What you will do: Type out the lines below exactly, pictures excluded.

Provided material:
Start of Block

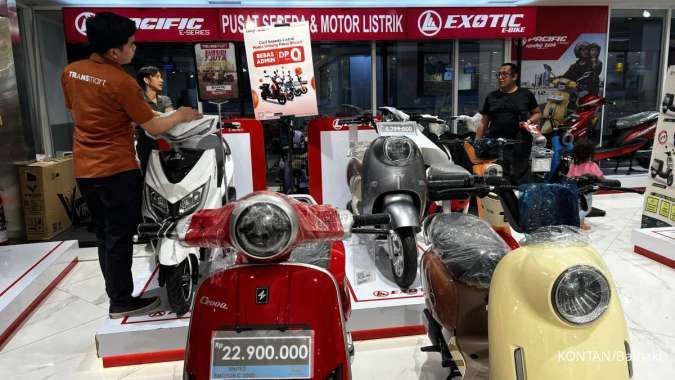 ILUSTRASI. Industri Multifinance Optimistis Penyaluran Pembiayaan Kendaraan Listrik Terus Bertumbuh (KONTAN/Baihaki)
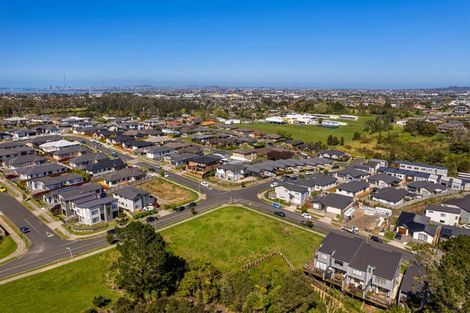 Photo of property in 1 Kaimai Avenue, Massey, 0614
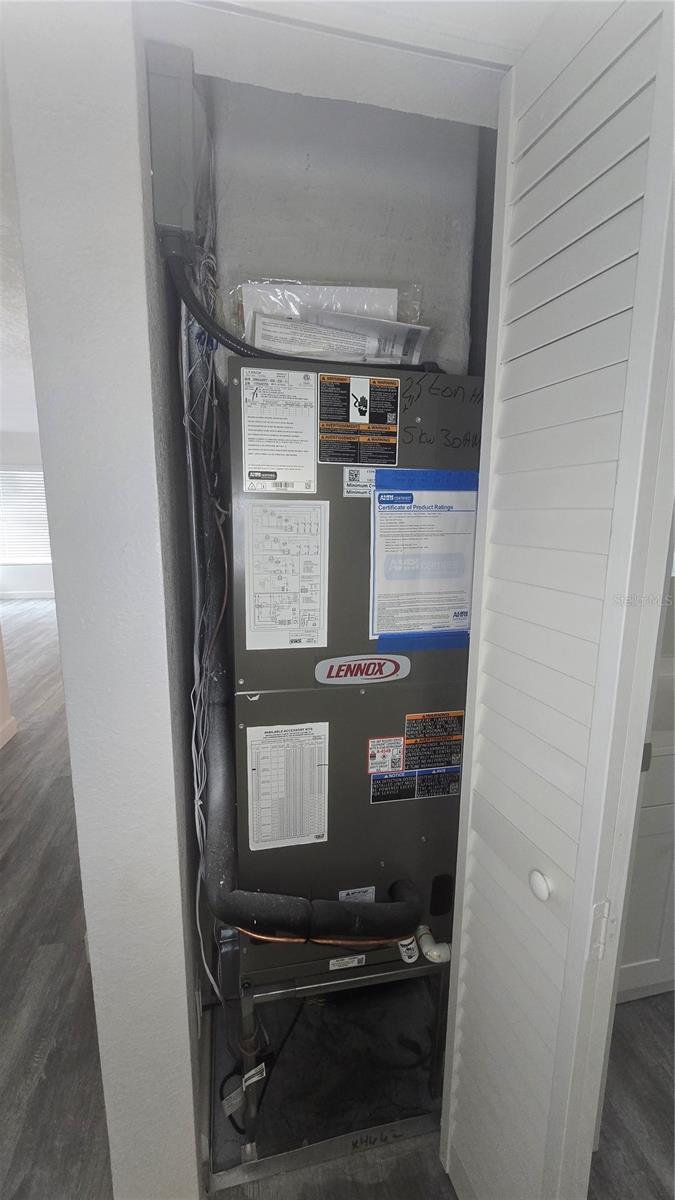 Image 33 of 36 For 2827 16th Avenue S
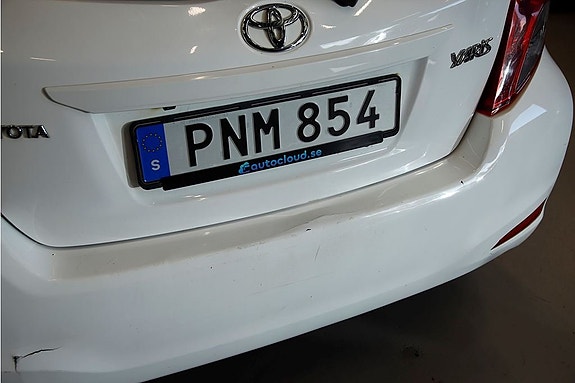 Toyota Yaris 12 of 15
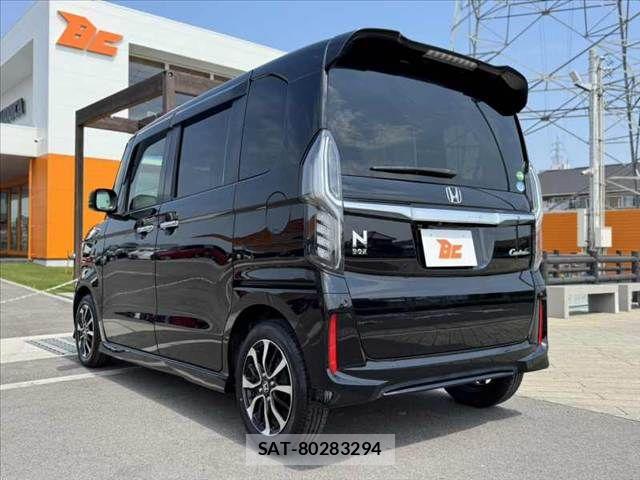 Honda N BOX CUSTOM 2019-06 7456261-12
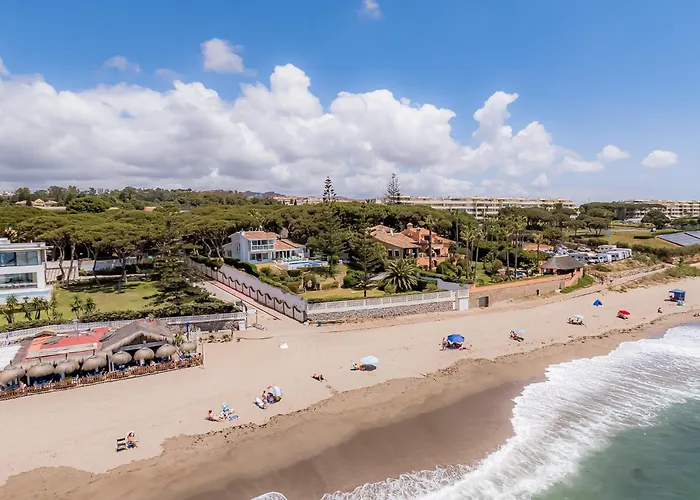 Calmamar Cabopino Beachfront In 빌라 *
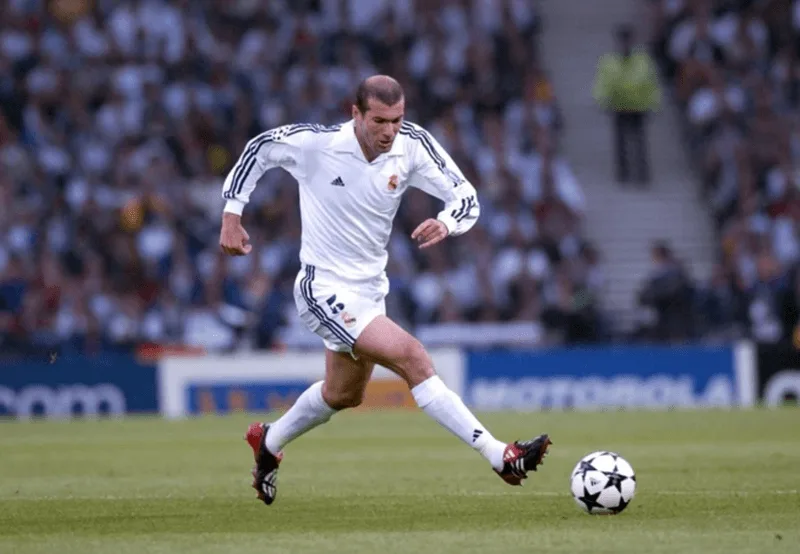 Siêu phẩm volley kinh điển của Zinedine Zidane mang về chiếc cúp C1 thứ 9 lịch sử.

End of Block

Finished task:
 ILUSTRASI. Industri Multifinance Optimistis Penyaluran Pembiayaan Kendaraan Listrik Terus Bertumbuh (KONTAN/Baihaki)
 Photo of property in 1 Kaimai Avenue, Massey, 0614
 Image 33 of 36 For 2827 16th Avenue S
 Toyota Yaris 12 of 15
 Honda N BOX CUSTOM 2019-06 7456261-12
 Calmamar Cabopino Beachfront In 빌라 *
 Siêu phẩm volley kinh điển của Zinedine Zidane mang về chiếc cúp C1 thứ 9 lịch sử.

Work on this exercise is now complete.